With the communization of the DRV, communist Vietnamese cadres introduced more class-oriented terms to refer to their French, American, and Vietnamese enemies, including of course “imperialists”, “capitalists”, and “bourgeois”. Different social categories for the peasants emerged in DRV zones in central and northern Vietnam. Via the army, the school, newspapers, and scores of mass mobilization and propaganda campaigns, the DRV introduced a panolpy of revolutionary terms, few of which had ever been used in the Vietnamese countryside where the government was now based. Shortly after arriving in Hanoi in early 1951, one famous DRV operative, Nguyen Bac, had a real scare, when, during a visit to the local barber, the latter asked him if he were not from the maquis. Terrified, Bac asked him why he would think such a thing. The barber told him to take a look at the poor quality of his clothes, the buttons, and above all “your way of speaking”. As he later reminisced in his memoirs: “We, the party cadres, no longer spoke like ordinary people. We said “solidarity” for mutual assistance, “emulation” for an everyday rivalry, “revolutionary enthusiasm” instead of village celebrations … In any case this incident served as a lesson for me.
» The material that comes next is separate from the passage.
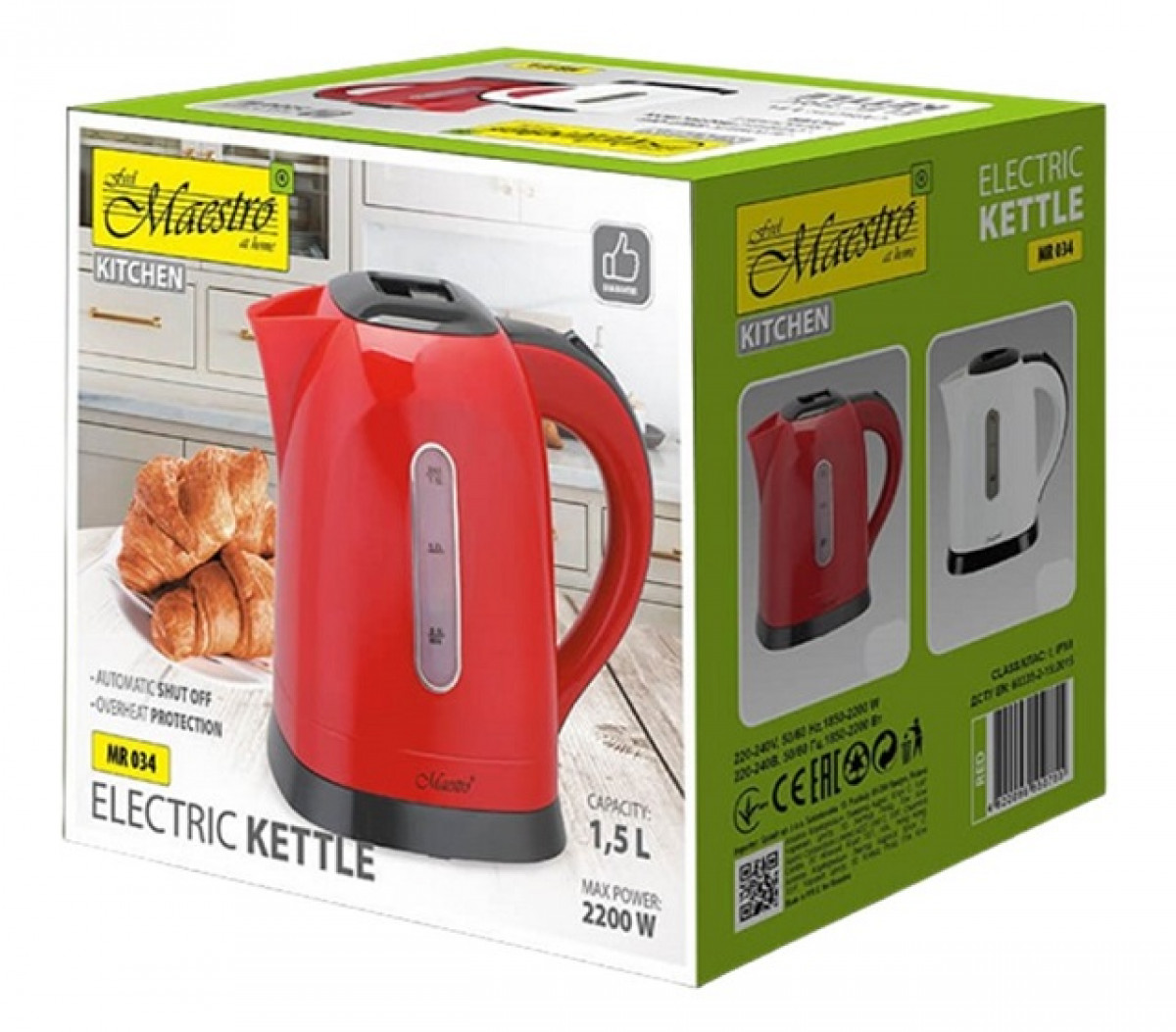 Un bollitore elettrico rosso in una scatola. La scatola presenta immagini del bollitore e dei croissant. Porta il marchio Maestro.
It taught me to be on guard against myself and to rediscover my normal diction”.

War forced the DRV and the Associated State of Vietnam to rely heavily on the Vietnamese national language, quoc ngu. For both sides, literacy was vital to their ability to educate populations, train bureaucrats, cadres, and officers, in short operate a sustained and effective nation-state. War reinforced the use and spread of the Vietnamese language in other ways, too. Because the number of elites at ease in French was never sufficient to meet the needs of the war-state, the DRV promoted the Vietnamization of all types of knowledge. Specialists translated into Vietnamese scores of technical texts on radio transmissions, encryption, and decrypting.
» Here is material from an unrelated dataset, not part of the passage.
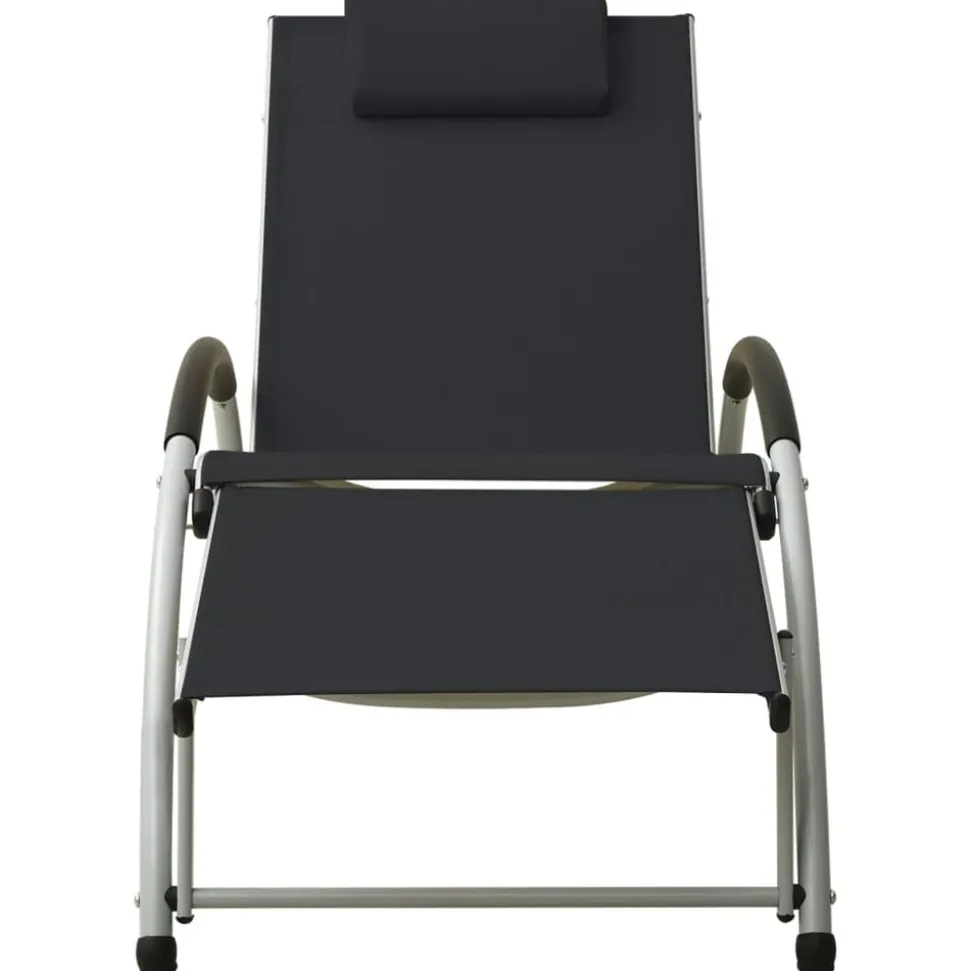 MAISON EXCLUSIVE - Chaise longue avec oreiller textilène noir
War even led to a “re-indigenization” of Vietnamese medicine and its French-trained doctors. As the conflict intensified from 1950, the number of serious, combat-related casualties skyrocketed, increasing the DRV’s needs for medical personnel, doctors, and pharmacists as well as nurses, assistants, and medics. The DRV’s medical services had no choice but to recruit students from the countryside, where Vietnamese knowledge of French had always been weakest. As a result, in the middle of a full-blown war, the Vietnamese medical corps embarked upon the extraordinary project of translating scores of French medical textbooks, manuals, and lectures into Vietnamese, bringing French-trained intellectuals into closer touch with their own language and identity.

Lastly, the DRV, the French, and the Associated States of Indochina all sought out and recruited translators, interpreters, and bi- or multi-lingual people at all levels of society. Intelligence services in particular turned to the large overseas Chinese communities in Vietnam to serve as spies and sources of information. Vietnamese and French turned to métis to help them to navigate safely wide yet vital cultural divides. Bi-lingualism was a sine qua non.